» What to work on:
Take the line that contains "Imagem 2: Casa" as the start and the last line of the entries as the end, and print both and everything between them exactly, without the pictures.

» Data:

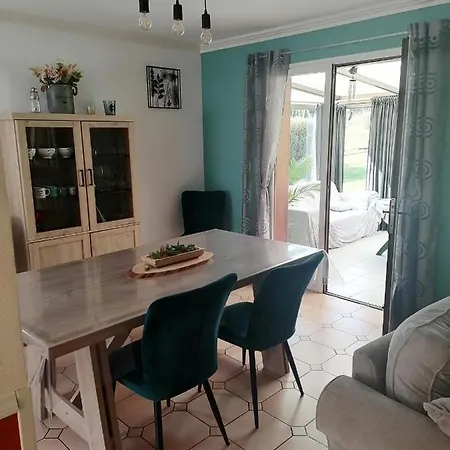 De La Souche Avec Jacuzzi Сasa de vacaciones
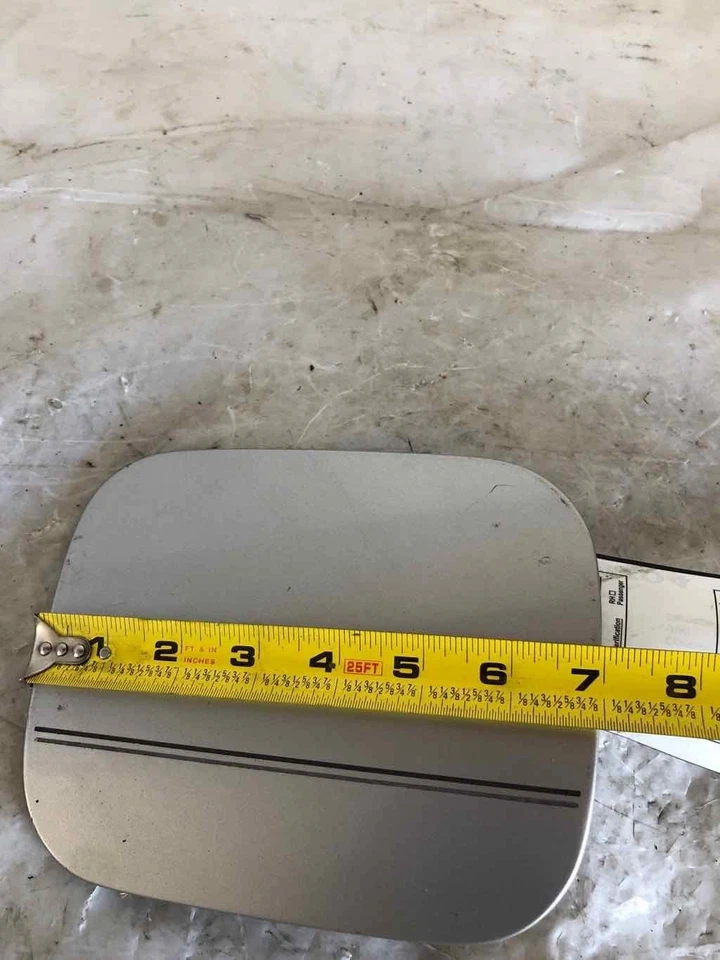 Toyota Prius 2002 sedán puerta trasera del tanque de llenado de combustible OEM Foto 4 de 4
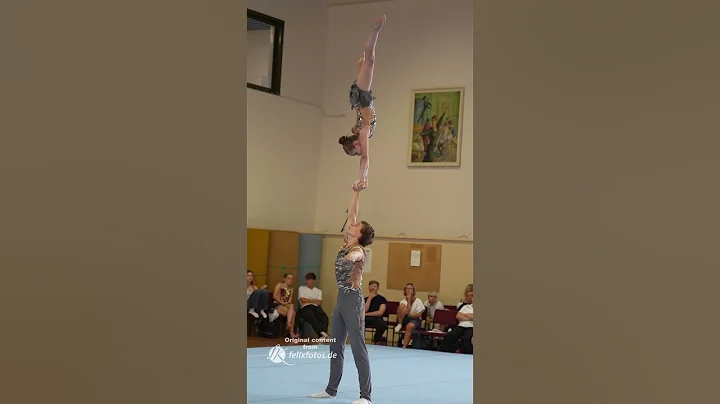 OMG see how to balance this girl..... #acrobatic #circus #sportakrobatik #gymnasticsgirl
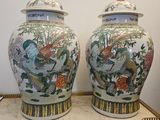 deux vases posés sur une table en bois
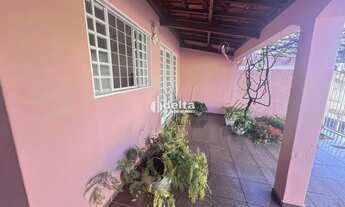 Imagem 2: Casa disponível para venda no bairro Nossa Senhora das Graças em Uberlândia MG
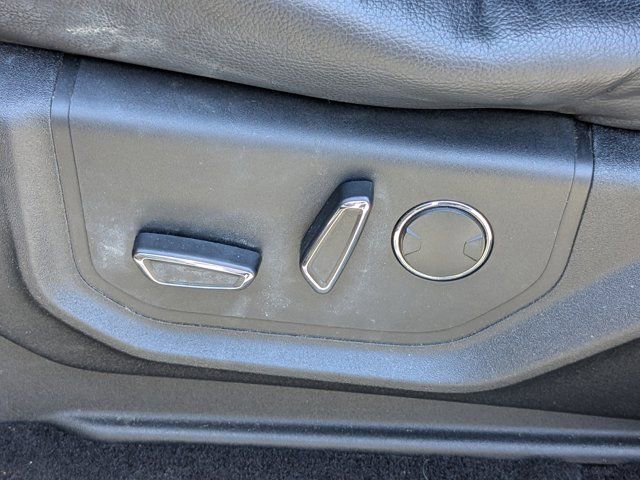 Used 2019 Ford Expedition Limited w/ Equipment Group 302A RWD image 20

» Response:
 Imagem 2: Casa disponível para venda no bairro Nossa Senhora das Graças em Uberlândia MG
 Used 2019 Ford Expedition Limited w/ Equipment Group 302A RWD image 20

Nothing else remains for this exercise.